Exercise >> Your answer should reproduce every line of the material in which the word "Color" occurs.

* * * *

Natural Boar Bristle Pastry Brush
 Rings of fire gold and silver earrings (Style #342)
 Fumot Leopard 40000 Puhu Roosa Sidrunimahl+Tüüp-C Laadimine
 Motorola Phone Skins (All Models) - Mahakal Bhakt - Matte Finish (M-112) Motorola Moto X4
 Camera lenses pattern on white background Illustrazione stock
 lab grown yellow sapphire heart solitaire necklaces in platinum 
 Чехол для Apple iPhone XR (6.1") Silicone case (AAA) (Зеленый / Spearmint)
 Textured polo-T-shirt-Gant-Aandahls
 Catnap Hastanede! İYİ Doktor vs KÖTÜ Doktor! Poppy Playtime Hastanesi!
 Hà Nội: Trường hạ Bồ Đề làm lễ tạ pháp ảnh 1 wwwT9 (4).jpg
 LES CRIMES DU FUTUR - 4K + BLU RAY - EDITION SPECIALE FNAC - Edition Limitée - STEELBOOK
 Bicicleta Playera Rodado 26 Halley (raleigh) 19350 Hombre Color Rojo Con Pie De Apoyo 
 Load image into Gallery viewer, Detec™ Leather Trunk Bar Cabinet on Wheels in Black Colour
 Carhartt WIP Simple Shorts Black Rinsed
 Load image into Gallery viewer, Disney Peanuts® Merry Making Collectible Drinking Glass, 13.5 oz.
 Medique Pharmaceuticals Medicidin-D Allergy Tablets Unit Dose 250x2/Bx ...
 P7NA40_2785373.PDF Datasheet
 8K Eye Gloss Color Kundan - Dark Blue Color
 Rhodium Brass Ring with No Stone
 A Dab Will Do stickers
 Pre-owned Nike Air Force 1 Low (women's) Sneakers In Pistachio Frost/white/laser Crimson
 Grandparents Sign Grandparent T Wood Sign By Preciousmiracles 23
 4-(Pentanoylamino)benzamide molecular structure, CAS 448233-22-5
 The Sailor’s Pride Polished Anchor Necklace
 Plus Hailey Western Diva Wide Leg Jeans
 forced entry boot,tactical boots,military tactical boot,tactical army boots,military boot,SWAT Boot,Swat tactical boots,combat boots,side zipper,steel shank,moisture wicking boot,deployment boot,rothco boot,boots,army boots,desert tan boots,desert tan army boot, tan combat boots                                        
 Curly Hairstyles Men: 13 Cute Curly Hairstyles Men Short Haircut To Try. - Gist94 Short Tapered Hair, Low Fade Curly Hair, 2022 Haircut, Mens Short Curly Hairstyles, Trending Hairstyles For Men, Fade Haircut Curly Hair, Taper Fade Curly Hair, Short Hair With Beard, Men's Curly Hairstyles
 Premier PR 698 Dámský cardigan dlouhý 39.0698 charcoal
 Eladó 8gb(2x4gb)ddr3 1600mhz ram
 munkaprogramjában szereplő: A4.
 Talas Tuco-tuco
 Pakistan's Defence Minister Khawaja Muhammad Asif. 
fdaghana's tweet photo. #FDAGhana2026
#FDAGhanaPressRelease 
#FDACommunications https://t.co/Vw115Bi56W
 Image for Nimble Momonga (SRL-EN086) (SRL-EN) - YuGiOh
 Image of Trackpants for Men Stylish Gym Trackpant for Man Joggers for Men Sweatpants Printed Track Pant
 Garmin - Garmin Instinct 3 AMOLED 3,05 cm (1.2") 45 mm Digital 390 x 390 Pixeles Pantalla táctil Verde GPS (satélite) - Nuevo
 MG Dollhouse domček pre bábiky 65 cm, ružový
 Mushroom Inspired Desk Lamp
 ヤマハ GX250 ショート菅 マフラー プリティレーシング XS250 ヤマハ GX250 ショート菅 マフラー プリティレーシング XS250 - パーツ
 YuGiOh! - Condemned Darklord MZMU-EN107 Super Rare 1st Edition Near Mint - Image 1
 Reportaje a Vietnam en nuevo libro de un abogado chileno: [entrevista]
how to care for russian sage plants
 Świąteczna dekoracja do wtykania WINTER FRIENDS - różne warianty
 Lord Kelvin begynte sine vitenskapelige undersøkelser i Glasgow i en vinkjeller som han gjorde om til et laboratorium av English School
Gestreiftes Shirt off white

* * * *

Task solution >>
 Bicicleta Playera Rodado 26 Halley (raleigh) 19350 Hombre Color Rojo Con Pie De Apoyo 
 8K Eye Gloss Color Kundan - Dark Blue Color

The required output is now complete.